Data for processing:
:::

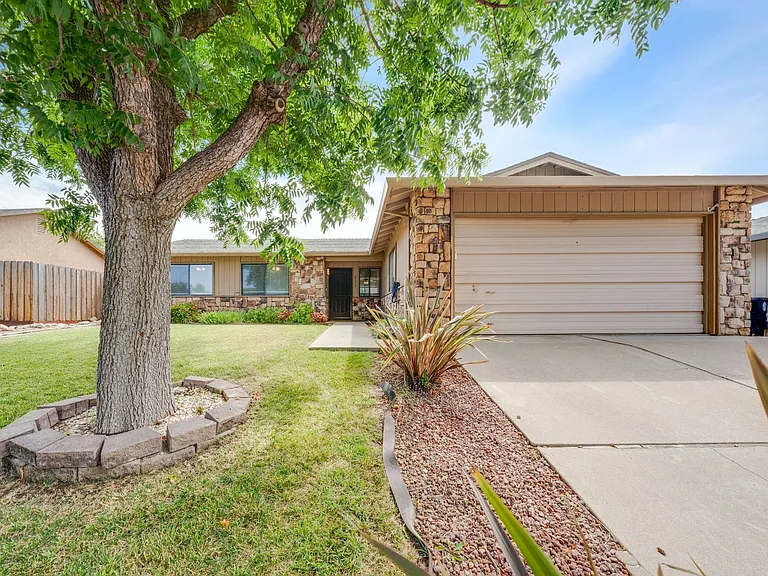 8338 Willow Tree Way — Photo 1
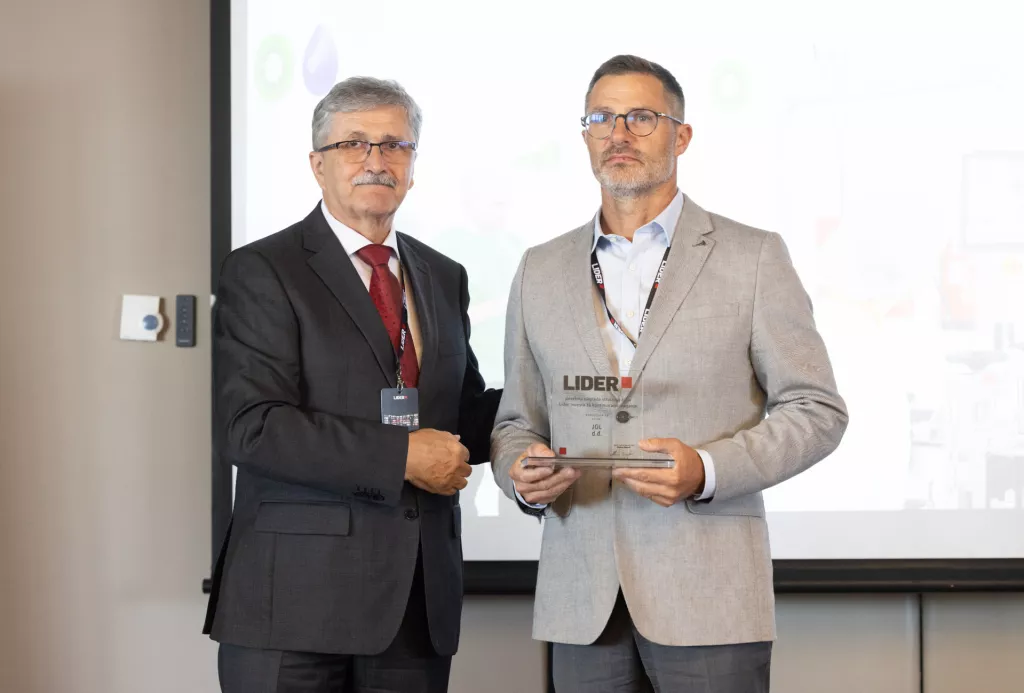 Investicijska konferencija Lider invest 2025.Svečana dodjela nagrada Lider invest 2025.Posebno priznanje za kontinuirano ulaganje: JGL d.d. Nagradu uručuje Miodrag Šajatović, a nagradu preuzima Mate Poropat, direktor farmaceutsko-tehnoloških operacija u JGL-u.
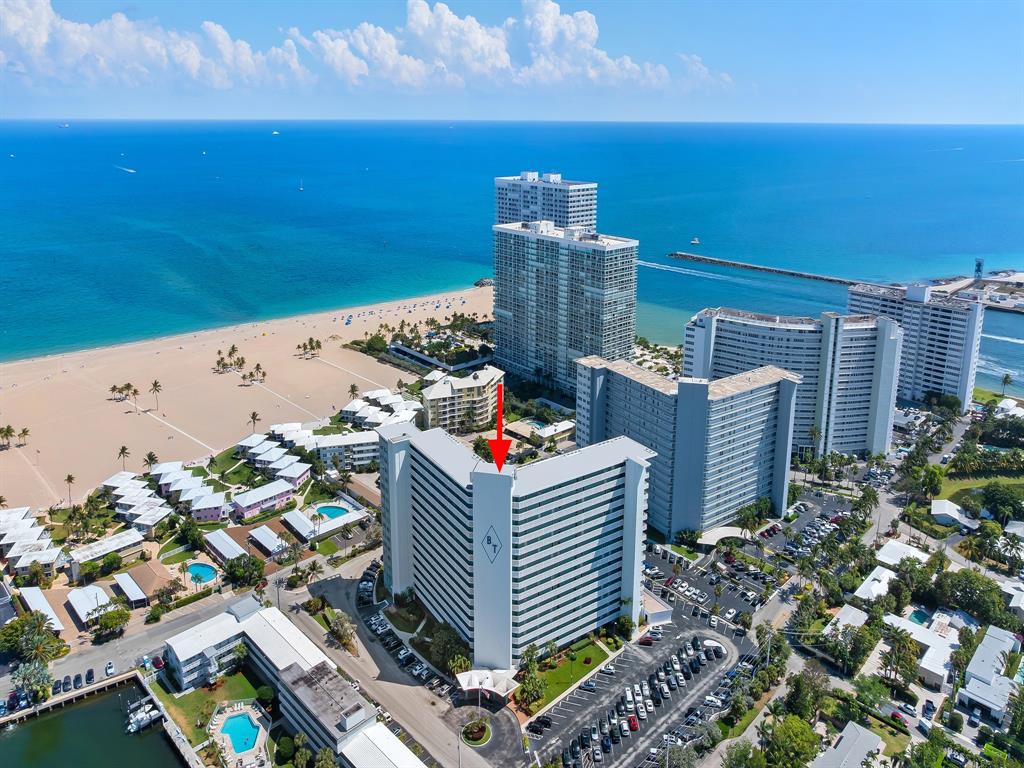1900 South Ocean Drive, Unit 210 Fort Lauderdale, FL 33316 - Photo 19 of 31 a balcony with an outdoor space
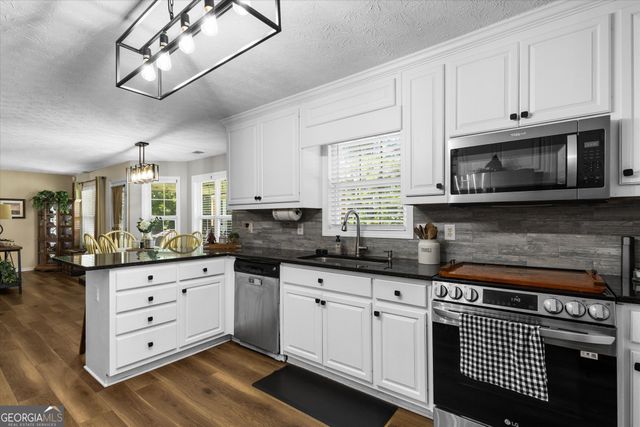 1660 Burnt Oak Way, Dacula, GA 30019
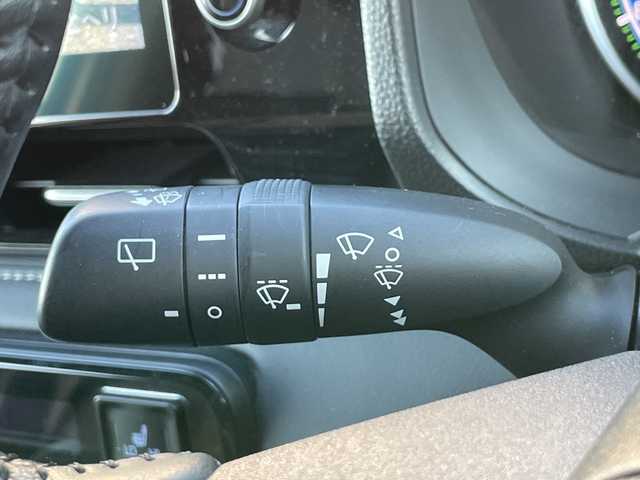 トヨタ ノア ハイブリッド S－Z 大阪府 2022(令4)年 3万km ホワイトパールクリスタルシャイン トヨタセーフティセンス/・アダプティクブクルーズコントロール/・プリクラッシュセーフティー/・レーントレーシングアシスト/・オートマチックハイビーム/・ロードサインアシスト/純正10.5インチナビ/・Bluetooth/フルセグTV/USB/ラジオ/　AppleCarPlay/HDMI/主要装備/・バックカメラ/・両側パワースライドドア/・ブレーキーホールド/・ハーフレザーシート/・シートヒーター/・ウォークスルー/・ステアリングリモコン/・LEDヘッドライト/・フォグランプ/・ETC2.0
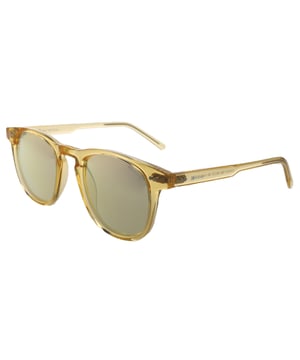 If you like to wear the latest in fashion and accessories are vital for your overall image, don't miss out on the Kodak CF90007 Unisex Sunglasses.

 Shape and design:
 - Kodak sunglasses with a classic round shape.

 Frame Material:
 - The frame of these sunglasses is made of polycarbonate, a material known for its impact resistance and lightness.

 Sideburns:
 - The temples are also made of polycarbonate, matching the frame material.

 Brand details:
 - Kodak branding on temples.

 Glasses:
 - Polarized: Yes.
 - Progression: Yes, compatible with progressive lenses.
 - Graduation: Yes, adaptable to your visual needs.
 - 100% UV400 protection.

 The color of the sunglasses lenses may vary slightly from the images due to lighting effects or adjustments in the material finish, but they will always retain their style and quality!
 Measures: Lens height: 44 mm. Lens width: 48 mm. Bridge: 21 mm. Temples: 145 mm.
 Composition: Polycarbonate
 Care:
Use a microfiber cloth to clean the lenses and avoid scratches.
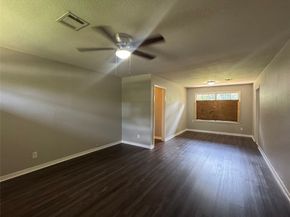 42 Burress Street, Houston TX 77022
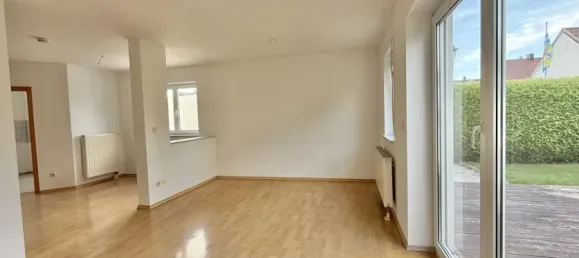 2 bedrooms Townhouse in Schwandorf, Germany No. 285224 5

:::

Exercise goal: Please output all of the data exactly as given, omitting any images it holds.

Solution for this task:
 8338 Willow Tree Way — Photo 1
 Investicijska konferencija Lider invest 2025.Svečana dodjela nagrada Lider invest 2025.Posebno priznanje za kontinuirano ulaganje: JGL d.d. Nagradu uručuje Miodrag Šajatović, a nagradu preuzima Mate Poropat, direktor farmaceutsko-tehnoloških operacija u JGL-u.
1900 South Ocean Drive, Unit 210 Fort Lauderdale, FL 33316 - Photo 19 of 31 a balcony with an outdoor space
 1660 Burnt Oak Way, Dacula, GA 30019
 トヨタ ノア ハイブリッド S－Z 大阪府 2022(令4)年 3万km ホワイトパールクリスタルシャイン トヨタセーフティセンス/・アダプティクブクルーズコントロール/・プリクラッシュセーフティー/・レーントレーシングアシスト/・オートマチックハイビーム/・ロードサインアシスト/純正10.5インチナビ/・Bluetooth/フルセグTV/USB/ラジオ/　AppleCarPlay/HDMI/主要装備/・バックカメラ/・両側パワースライドドア/・ブレーキーホールド/・ハーフレザーシート/・シートヒーター/・ウォークスルー/・ステアリングリモコン/・LEDヘッドライト/・フォグランプ/・ETC2.0
 If you like to wear the latest in fashion and accessories are vital for your overall image, don't miss out on the Kodak CF90007 Unisex Sunglasses.

 Shape and design:
 - Kodak sunglasses with a classic round shape.

 Frame Material:
 - The frame of these sunglasses is made of polycarbonate, a material known for its impact resistance and lightness.

 Sideburns:
 - The temples are also made of polycarbonate, matching the frame material.

 Brand details:
 - Kodak branding on temples.

 Glasses:
 - Polarized: Yes.
 - Progression: Yes, compatible with progressive lenses.
 - Graduation: Yes, adaptable to your visual needs.
 - 100% UV400 protection.

 The color of the sunglasses lenses may vary slightly from the images due to lighting effects or adjustments in the material finish, but they will always retain their style and quality!
 Measures: Lens height: 44 mm. Lens width: 48 mm. Bridge: 21 mm. Temples: 145 mm.
 Composition: Polycarbonate
 Care:
Use a microfiber cloth to clean the lenses and avoid scratches.
 42 Burress Street, Houston TX 77022
 2 bedrooms Townhouse in Schwandorf, Germany No. 285224 5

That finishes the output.